Ebook The information content of market liquidity: An empirical analysis of liquidity at the Oslo Stock Exchange
In finance, liquidity is a concept with many interpretations, and many uses. Following the recent financial crisis there has been a huge increase in research on liquidity related topics both with respect to macro liquidity, funding liquidity, the liquidity of different asset classes and markets as well as the flow of funds between different assets and markets.
In this paper we look at the link between equity market liquidity and the real economy. In the discussion of the current financial crisis, much attention has been on the apparent casual effect from a dry up in the liquidity of financial assets to the crisis of the economy. Nes et al. [2009b] show that such links between aggregate stock market liquidity and the macro economy are not new, rather, they have been a stable feature of the US stock market at least since the Second World War. They show, using data for the US from 1947 through 2008, that equity market liquidity is a very good leading indicator of the real economy. We look at similar issues using data from the Norwegian equity market (Oslo Stock Exchange – OSE). We examine the liquidity of the Norwegian equity market represented by the stocks listed on the OSE over the period 1980 through 2008.
The goal of this study is twofold. First, we give a general descriptive analysis of the liquidity and trading activity of the Oslo Stock Exchange (OSE) for the period 1980 through 2008, with particular focus on the crisis period 2007-2008. With respect to the crisis we examine how liquidity and trading activity changed through the crisis for the market as a whole, across important firm risk characteristics (mainly firm size) and for individual industry sectors.

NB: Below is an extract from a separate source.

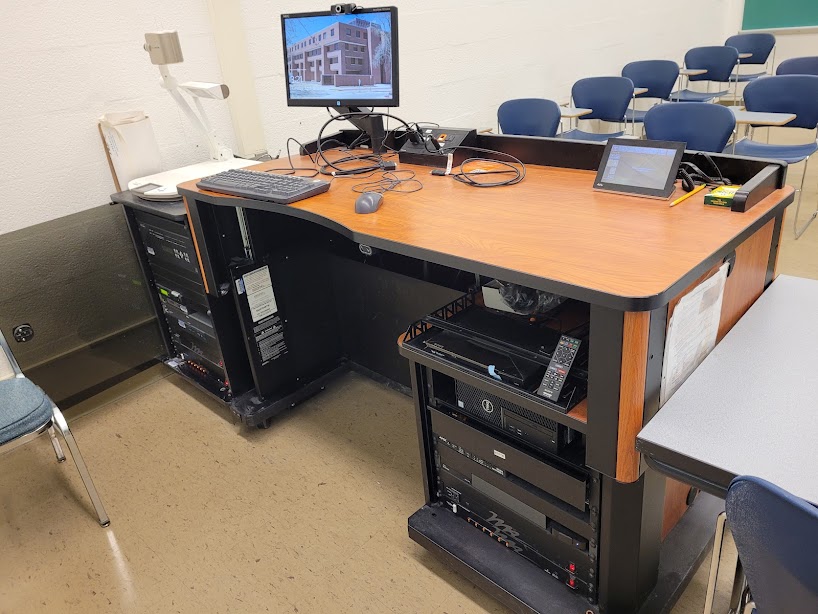 A view of the open cabinet with a computer monitor, VGA and HDMI inputs, a touch panel controller, document camera, and audiovisual rack.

Secondly, we examine in more detail to what degree market liquidity is informative about future economic conditions in Norway. We perform an in-sample analysis where market liquidity is used as a predictor of macroeconomic aggregates such as growth in real GDP, unemployment, credit, consumption and investments. We also do Granger causality tests between the variables, as well as out-of-sample evaluations of simple linear forecasting models where we examine whether liquidity might be of use for predicting macro conditions in real time. In both the in-sample and out-of-sample analysis we compare the performance of market liquidity to other financial predictors.

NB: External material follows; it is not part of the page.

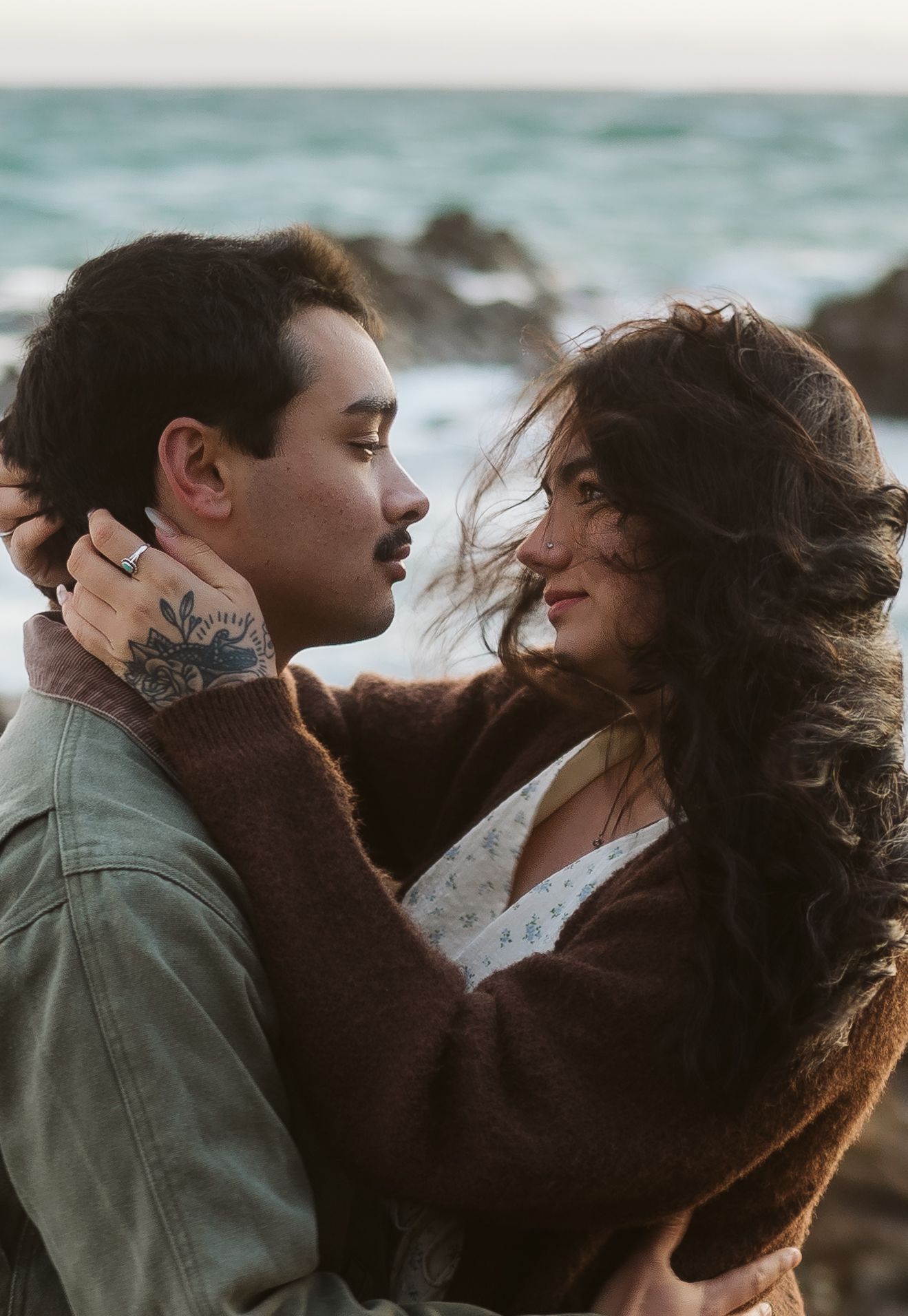 A romantic couple embraces on a windy beach at sunset as their hair blows in the coastal breeze.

The structure of the paper is as follows. We start by a brief overview of the current research on equity market liquidity and its links with the macroeconomy before we in section 2 describe the data and the construction of our liquidity measures. In section 3 we provide some descriptive statistics for the variables and examine the time series development in liquidity across the whole sample period 1980-2008 with particular focus on the crisis period. In section 4 we examine the predictive ability of liquidity for several macroeconomic variables both in-sample and out-of-sample. We also examine the causality relation between liquidity and macroeconomic variables. Finally, in section 5 we summarize the results.